The speakers talked about their experiments aimed at trying to understand how to design technology for children's learning applications. Their studies ask, what's difficult for kids using touch screens? It turns out that there are three things:
- target size and location
- making accurate, recognizable gestures
- dragging: kids have difficulty maintaining contact throughout the dragging gesture
Another goal was to understand the differences between kids and adults with respect to touch/gesture input. How can we help them be more successful in their interactions with technology?
The investigators conducted three studies using two touchscreen tasks for each, with interesting results: it turns out that children not only miss hitting more targets than adults, but that they are actually almost two times as bad as adults! Also, while the smallest targets are the most challenging for both children and adults, children still do worse in general. Incidentally, the smallest target used was smaller than the recommended size for the android devices employed in the study, so the findings support the recommended target size guidelines for that platform.

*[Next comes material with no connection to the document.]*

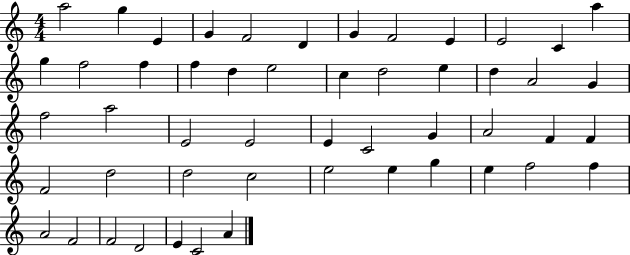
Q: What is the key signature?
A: C major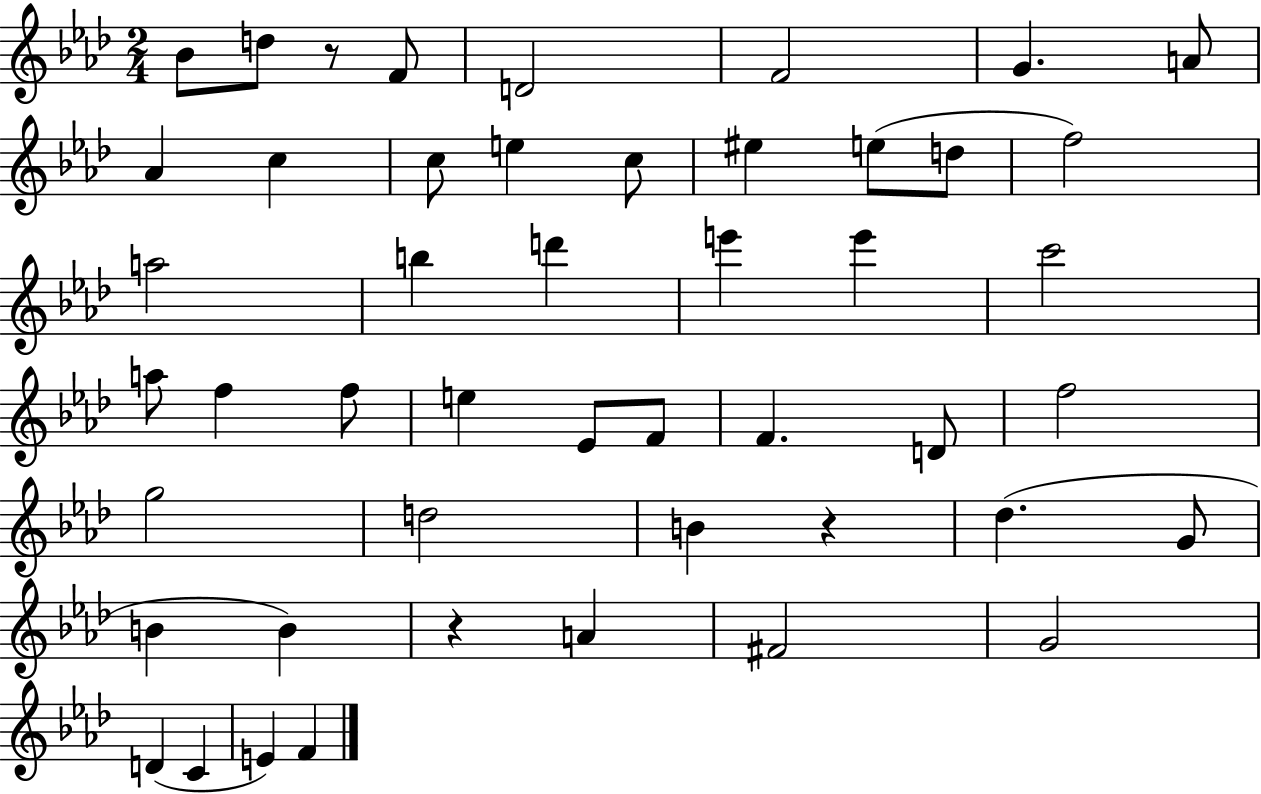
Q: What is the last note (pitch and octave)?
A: F4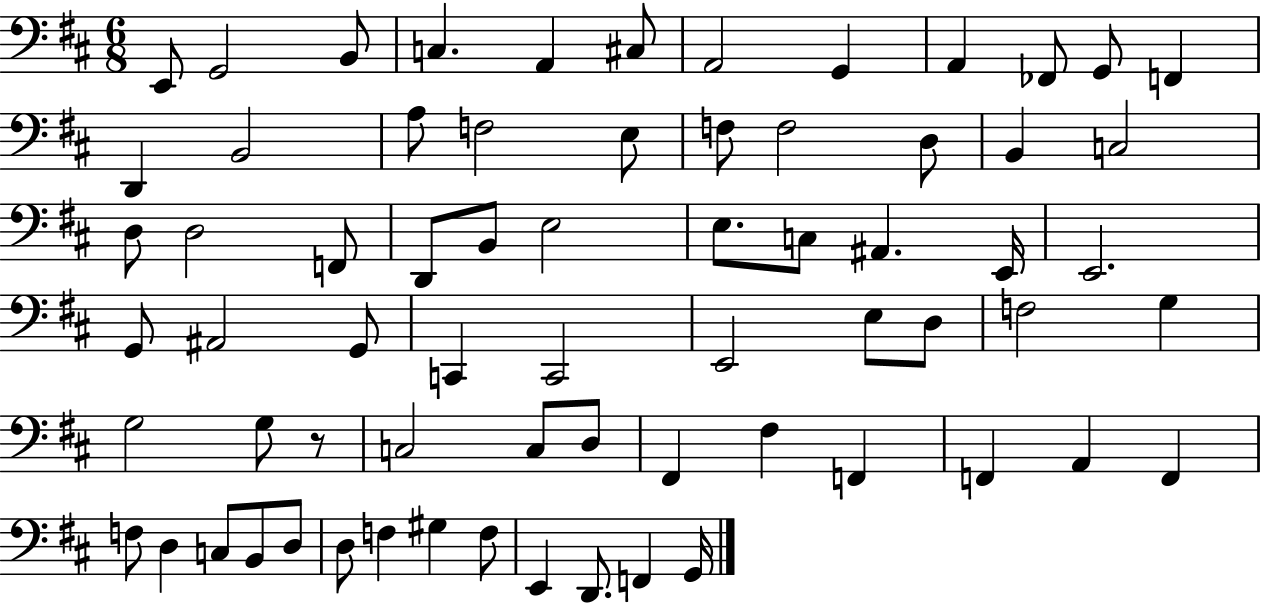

Some other interesting findings include the results of tests for hitting targets with edge padding - the miss rates were double for these. The researchers also found a new phenomenon called holdovers, which are touches touches in the location of previous target as the screen is changing. Kids do this more than adults. I wondered, does this have an impact on games with moving targets? Or educational applications with many animations or screen redraws? Should animations be smaller for devices/applications/features aimed at children?
Kids also tend to make gestures differently; they are bigger and have more strokes. For example, a square gesture made by an adult is one continuous line, while a child's would have 4. This causes kids gestures to be less recognizable, with their accuracy differing by almost 50%. The touch cloud shown by the investigators shows misses distributed irregularly around the target; adults have a much tighter spread of touches.
One idea suggested by the authors as a mitigation for these problems was to ignore touches made by children in the same location as a previously accepted target. Machine learning could also be used to train for kids gestures. As next steps, the researchers will try to conduct studies with younger kids and explore in-context applications. They would also like to try some co-design exercises with children.